Dataset extract:
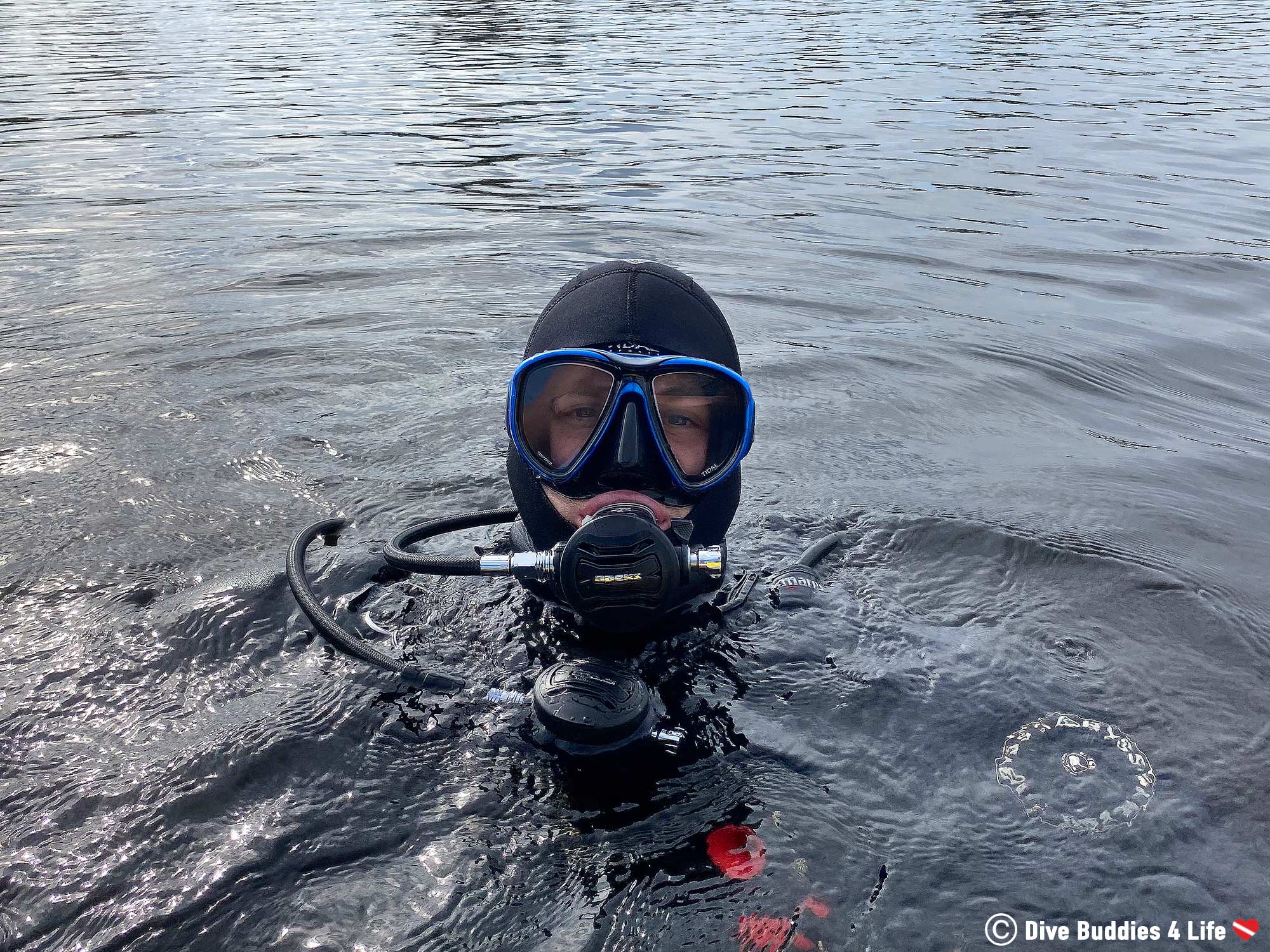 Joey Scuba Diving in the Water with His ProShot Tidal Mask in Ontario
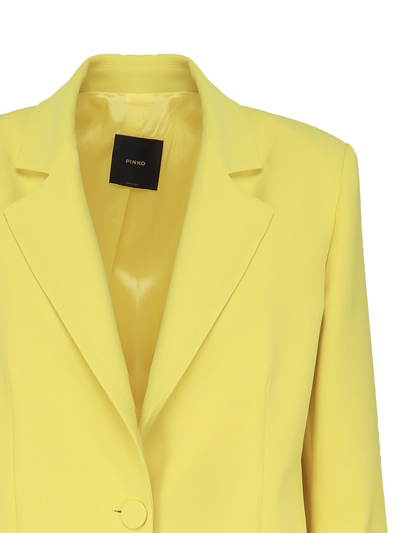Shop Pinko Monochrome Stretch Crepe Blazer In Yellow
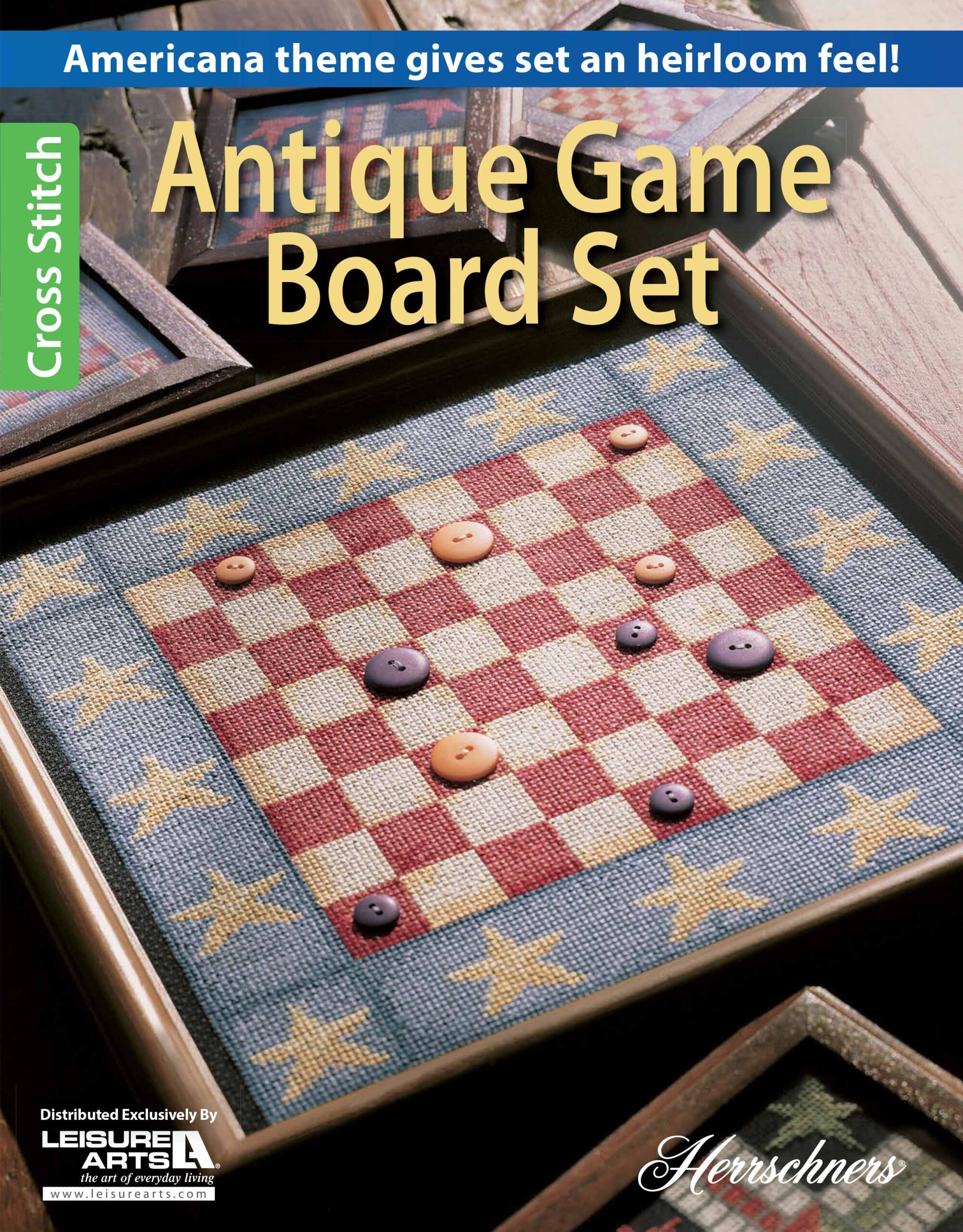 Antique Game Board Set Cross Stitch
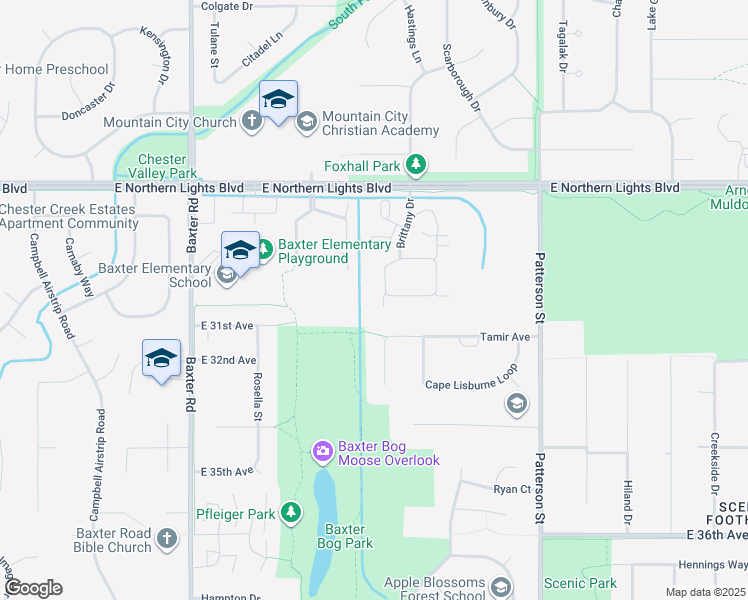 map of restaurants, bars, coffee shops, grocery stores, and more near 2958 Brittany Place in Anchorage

What you have to do:
Reproduce each line above exactly, but not a single picture.

Written response:
 Joey Scuba Diving in the Water with His ProShot Tidal Mask in Ontario
Shop Pinko Monochrome Stretch Crepe Blazer In Yellow
 Antique Game Board Set Cross Stitch
 map of restaurants, bars, coffee shops, grocery stores, and more near 2958 Brittany Place in Anchorage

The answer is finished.